Because even though you improved airflow by removing filters, the centrifugal fan inside your air purifier is designed to pull only small quantities of air.
This means that even by removing filters you can expect better airflow and circulation, but for most residential air purifiers, it would be far less than domestic fans.
Remember: Don’t Remove Some Filters While Keeping Others…
It is a bad idea to remove some filters, especially prefilters, from an air purifier while keeping the others.
Firstly. If you remove pre-filters from an air purifier while keeping the HEPA filters in, they will quickly become clogged.
This will cause the airflow to reduce eventually, as the dense mesh of fibers in HEPA filters is designed to catch particles as small as 0.3 microns. Not to talk about the reduced life.
Removing pre-filters will also reduce the effectiveness of activated carbon filters to adsorb odors, gases, and volatile organic compounds (VOCs).
When Can You Use Your Air Purifier as a Fan?
For relatively small rooms, if you’d like moderately low circulations of about 100-500 CFM, you could use air purifiers for that purpose.
In fact, I recommend doing so. An air purifier will keep the air moving at a steady rate as well as purify it to clean your environment from dust, allergens, and pollutants.
Most residential air purifiers push air around the rate of 150 – 250 CFM.
You could check that in the specifications. And remember, as I said earlier, there is a difference in CADR and airflow.
If the CADR is 300 CFM. You can expect the actual airflow to be around 400 CFM.
That is why I was generous with CADR ratings of air purifiers in my calculation, to take into account that fraction of air that passes through filters but never gets cleaned.
Are There Some Air Purifiers That Also Work as Fans?
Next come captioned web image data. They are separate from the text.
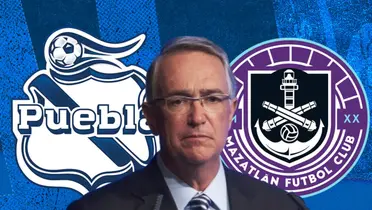 Ricardo Salinas Pliego y escudos de Puebla y Mazatlán/Foto Boleto Movil.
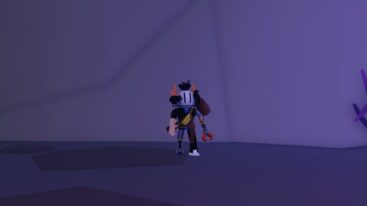 Roblox Break Rocks Avatar Wearing Silver Helmet And Metal Claw Arm Holding A Wooden Pickaxe And Wooden Hammer Strapped To Back In Purple Cave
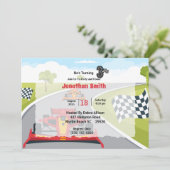 Red Race Car 3ème anniversaire de fête Invitation (Debout devant)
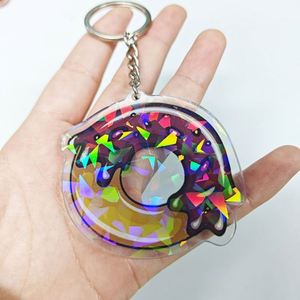 Wholesale Plastic clear Printed Cute Clear Transparent Keychain Custom Bulk Promotional Logo Cute Kawaii - Product Image 5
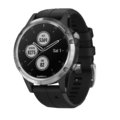 Часы Garmin Fenix 5S Plus серебристые с черным ремешком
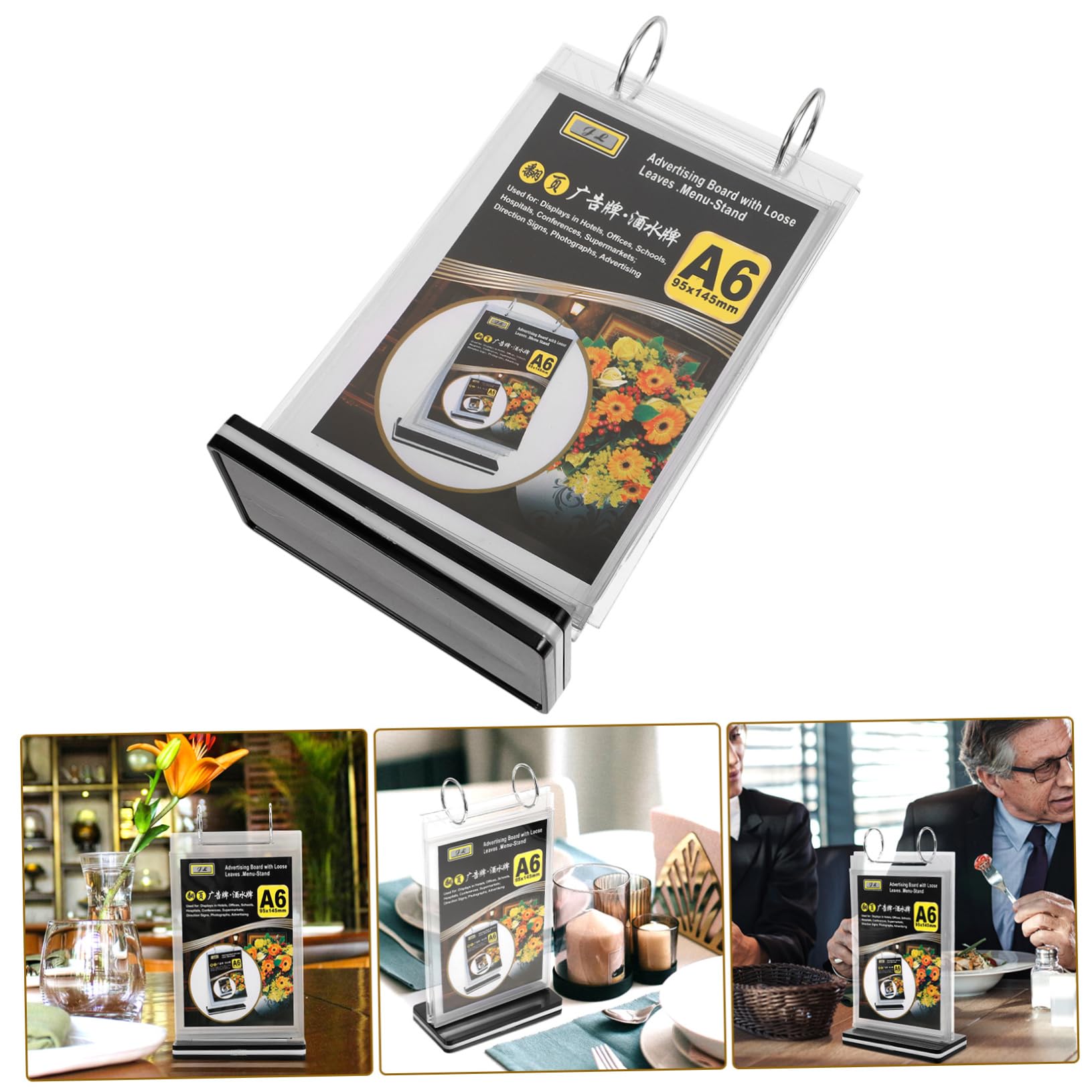 Angoily 15 Piezas Soporte de Menú de Transparente con Base para Restaurantes y Oficinas Expositor Vertical de Carteles para Mostrar Menús y Anuncios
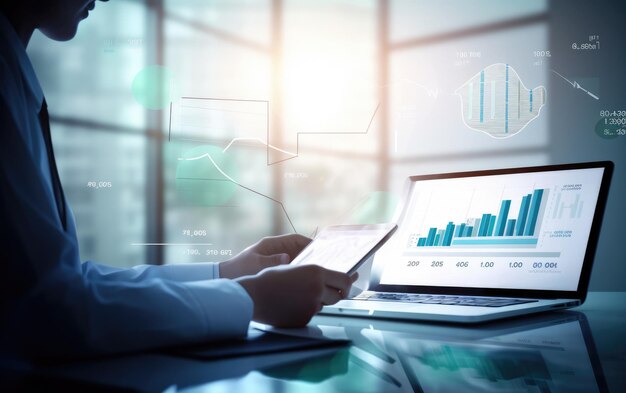 Dati e crescita del grafico virtuale del settore assicurativo sanitario e medico IA generativa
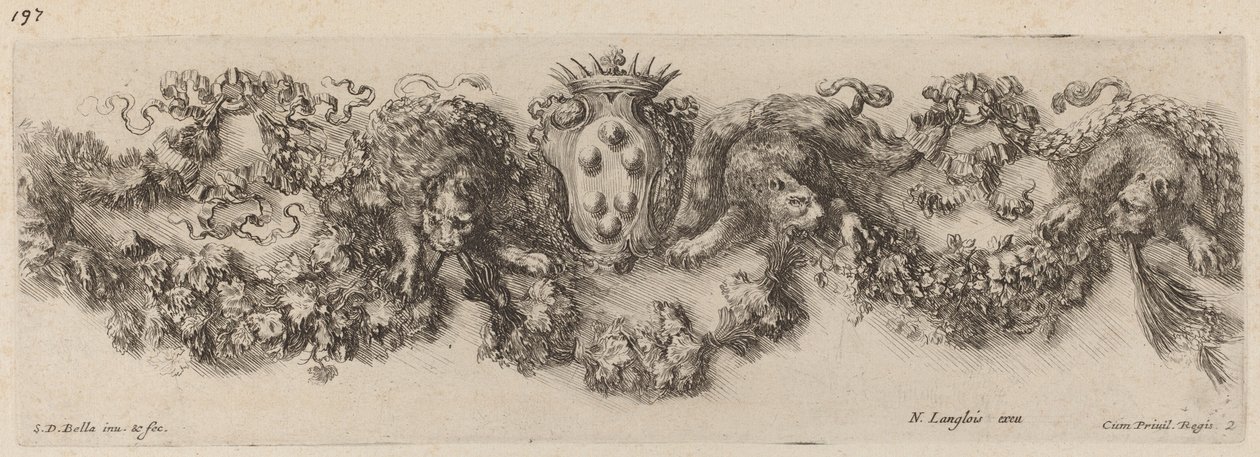 Feston avec armoiries des Médicis, probablement 1648 - Stefano della Bella
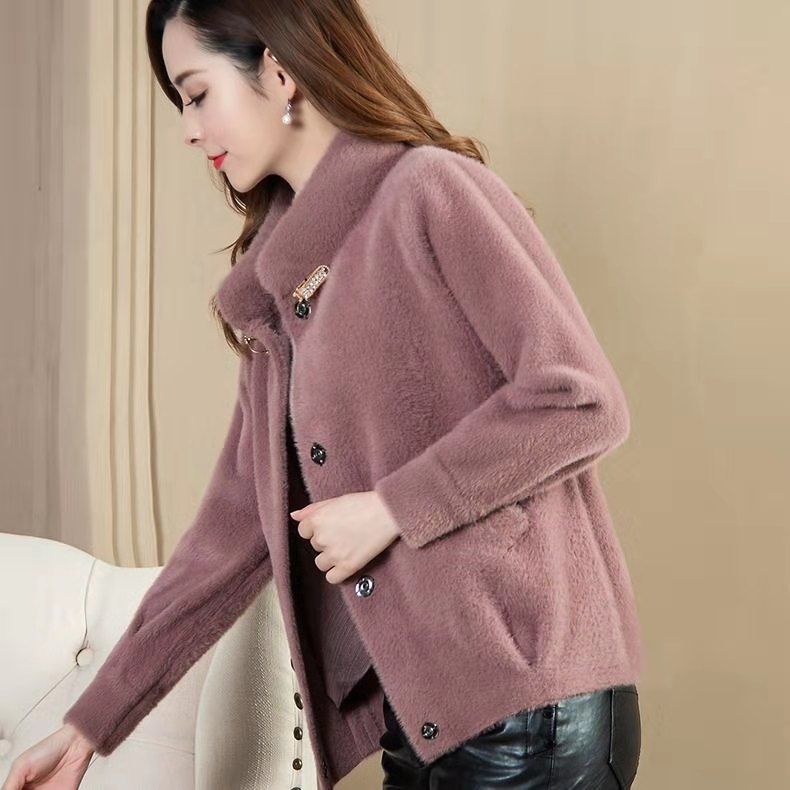 Women 2020 Autumn Winter Imitation Mink Cashmere Sweater Coat New Female Thicken Warm Jacket Loose Casual Knitted Cardigans G511 alx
There are some air purifying fans available in the market that serve a dual purpose: air circulation and air purification. And they can do so by blowing air at a speed equivalent to fans.
Many people observed a cleaner environment and significantly less dust on floors using them.
There are several options available but if you plan on having one give a look to my recommendation: Dyson Pure Cool™ TP01 Air Purifier and Fan.
I selected it based on its high airflow and a good air filtration and purification system. And yes, it does have a HEPA filter in it.
Air purifiers do allow air movement and circulation in your living area but for most residential units, it would be much lower than fans. So your air purifier will most likely not be able to replace the fan.
However, you could use air purifiers for smaller rooms for circulation at the rate of 100 – 400 CFM, as well as enhance the quality of its environment.